Setzen sie noch einen drauf? (bitte nicht!) - Gott sei dank, Yes kommen zur Vernunft und verzichten auf ein weiteres Frickelstück und begnügen sich mit einem ruhigeren Stück. To Be Over nennt sich besagtes. Nicht ganz schafft es, seinem Ziel, ein zweites And You And I zu sein, nachzukommen. Aber schön ist das Teil schon! Es beginnt mit diversen Arten von Gitarren, Sitars und wasweißichnicht, womit Howe eine ziemlich eigenartige Atmosphäre schafft. Der Mann ist ein Meister!
Zwei Sechzentel auf der Snare und Anderson fängt gelassen an zu singen. Sehr poppig das ganze. Aber nicht blöd. 'Ne Countryslidegitarre unterstützt das halb schmalzige Konzept. Die ist schon etwas krass, und ich würde sagen, hier haben wir es mit blanker Ironie zu tun, denn gleich darauf folgt ein Yes artiger Part, der aus dem Groove rausgeht. Und man höre da! Hat Howe in Nous Sommes Du Soleil Close To The Edge angespielt, so zitiert er in To Be Over Nous Sommes Du Soleil.. Witzig, die Idee!
Etwas sinfonisch wirds noch, bevor ein sehr schöner Ausklang die Anfangsstimmung wieder auf nimmt und zum Ende kommt. Ein großer Abschluss eines großen Albums!

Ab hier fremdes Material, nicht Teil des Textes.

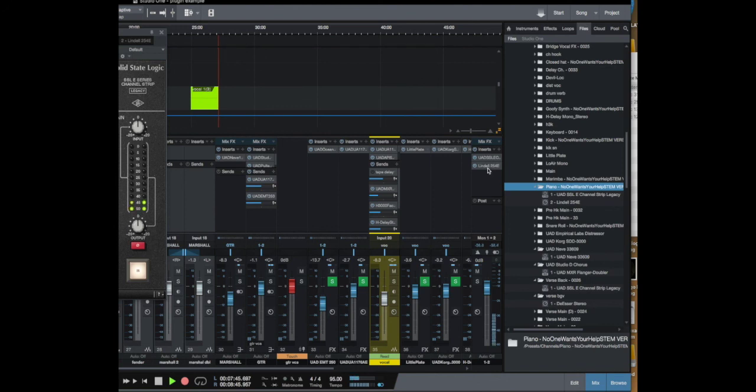So there you go, an easy way to copy plugins from another mix into a new mix. Thank you.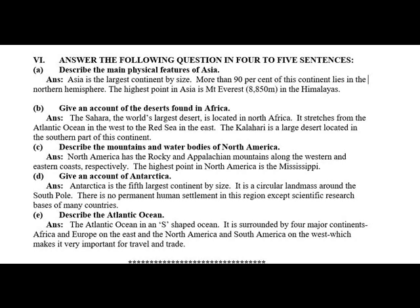Describe the mountains and water bodies of North America. North America has the Rocky and Appalachian Mountains along the western and eastern coasts respectively. The highest point in North America is the Mississippi.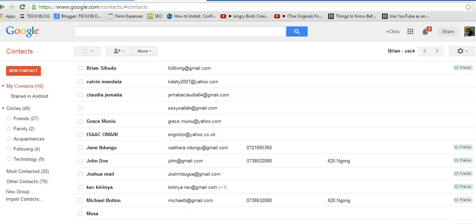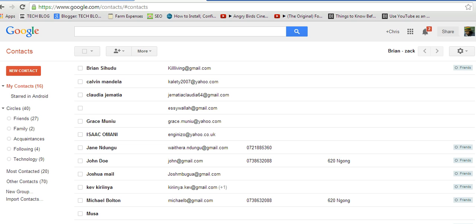Welcome back to Pro Education. My name is Chris, and today I want us to see how to edit or update an existing contact in Google Contacts. To do this, just go to Google Contacts, that is google.com/contacts.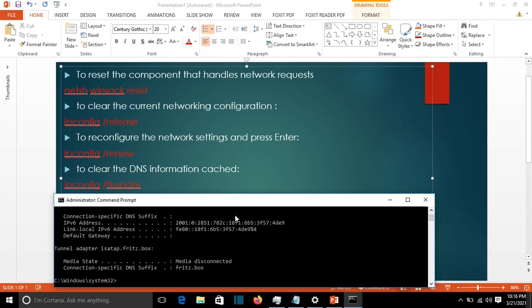In this case it's the Wi-Fi, or if you have an Ethernet cable connected, it will take the IP address for the Ethernet card.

Oh ja, Relayer ist nicht das Foxtrot, sondern das Selling England, nicht Dark Side Of The Moon, sondern das Animals von Yes ' soll heißen, ein versteckter Diamant, vielleicht sogar Yes' geheimes Meisterstück. Und auf jeden Falls eins DER Alben der 70er und der Musikgeschichte. Wer diese(s) Album/en nicht kennt, verpasst Musikgeschichte, kennt den Prog nicht.

Fazit:
Hört man Relayer das erste mal, ist es furchtbar (jaja, schlachtet mich ruhig) - Hört man es das zweite mal, reagiert man ungläubig (wie kann man sowas nur gut finden) - Hört man es das dritte mal, kommt beides zusammen, beim vierten mal gewöhnt man sich dran (Augen zu und durch) ' ...

Irgendwann liebt man es.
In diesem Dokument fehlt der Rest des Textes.